Netflix Says It’s Not Afraid of Apple TV+ or Disney+, This is Why
Streaming company says the market is big enough for all three tech & media giants
In their letter to shareholders today, Netflix said that they are “excited to compete” with Apple and Disney. “We don’t anticipate that these new entrants will materially affect our growth because the transition from linear to on demand entertainment is so massive and because of the differing nature of our content offerings.”
Last week, Disney announced that their Disney+ streaming service would launch on November 12th at just $6.99 a month — compared to Netflix’s $13 monthly subscription. Starting with the 2019 theatrical slate, all Disney/Pixar/Marvel/Star Wars films will become exclusive to Disney+, many of those new releases and their library of films would have gone to Netflix as part of a distribution deal that started in 2016.
In late-March, Apple announced their Apple TV+ streaming service which will come in the Fall. While there was no pricing announced, it is expected that it may be free for those with Apple devices. The service will mix original programming and the ability to subscribe to other services through Apple like HBO and Showtime — similar to Amazon Channels. The company has already announced shows from Steven Spielberg (“Amazing Stories”), Oprah (“Oprah Book Club”), Reese Witherspoon, Jennifer Aniston, & Steve Carrell (“The Morning Show”), J.J. Abrams (“Little Voices”), Jason Momoa (“See”), and Kumail Nanjiani (“Little America”).

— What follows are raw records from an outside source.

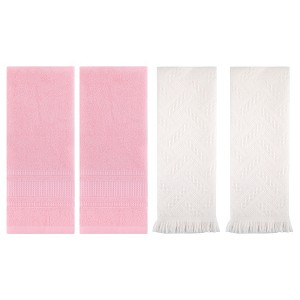 REGALWOVEN 4 Pcs Solid Cotton Soft Absorbent Waffle Hand Towel 13" x 29" - 1 of 4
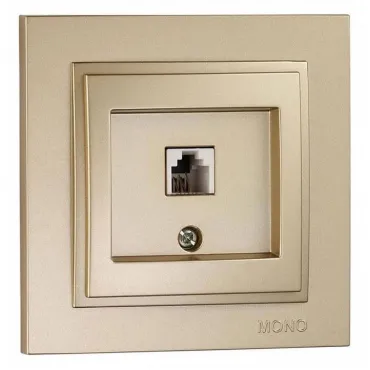 Розетка телефонная RJ-11 Mono Electric Despina 102-222205-124 Розетка телефонная RJ-11 Mono Electric Despina 102-222205-124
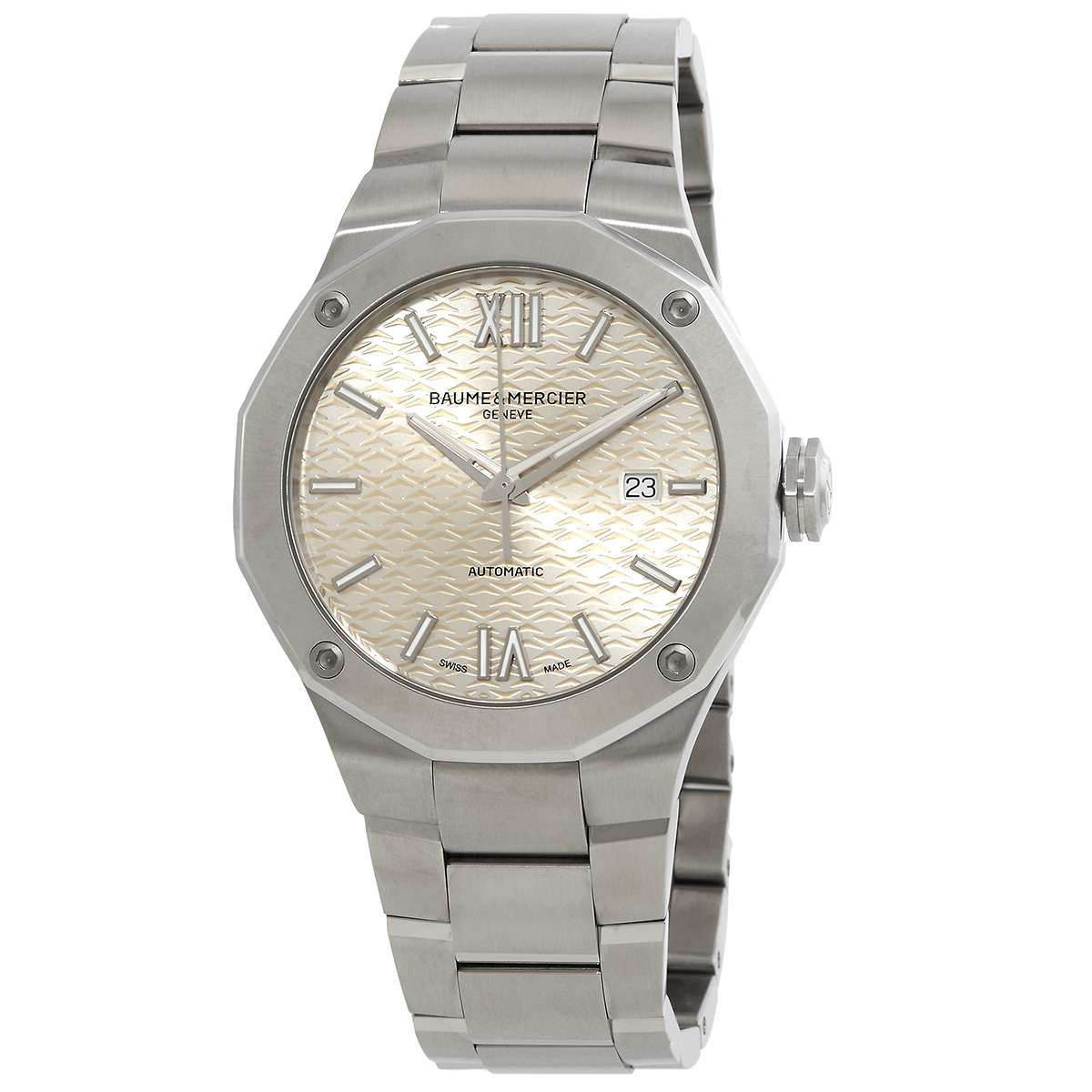 Baume et Mercier Riviera Silver Dial Men's Watch M0A10622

Netflix’s view is that the two companies will help the overalls streaming business increase the pie, rather than steal from their share. “We believe we’ll all continue to grow as we each invest more in content and improve our service and as consumers continue to migrate away from linear viewing.”
While Netflix is the largest streamer their streaming hours in the US, “only represents roughly 10% of total TV usage.” Around the world, it’s estimated that they’re just 2% of global mobile internet traffic. With the company reaching 60 million U.S. subscribers this quarter, it is already in most U.S. households.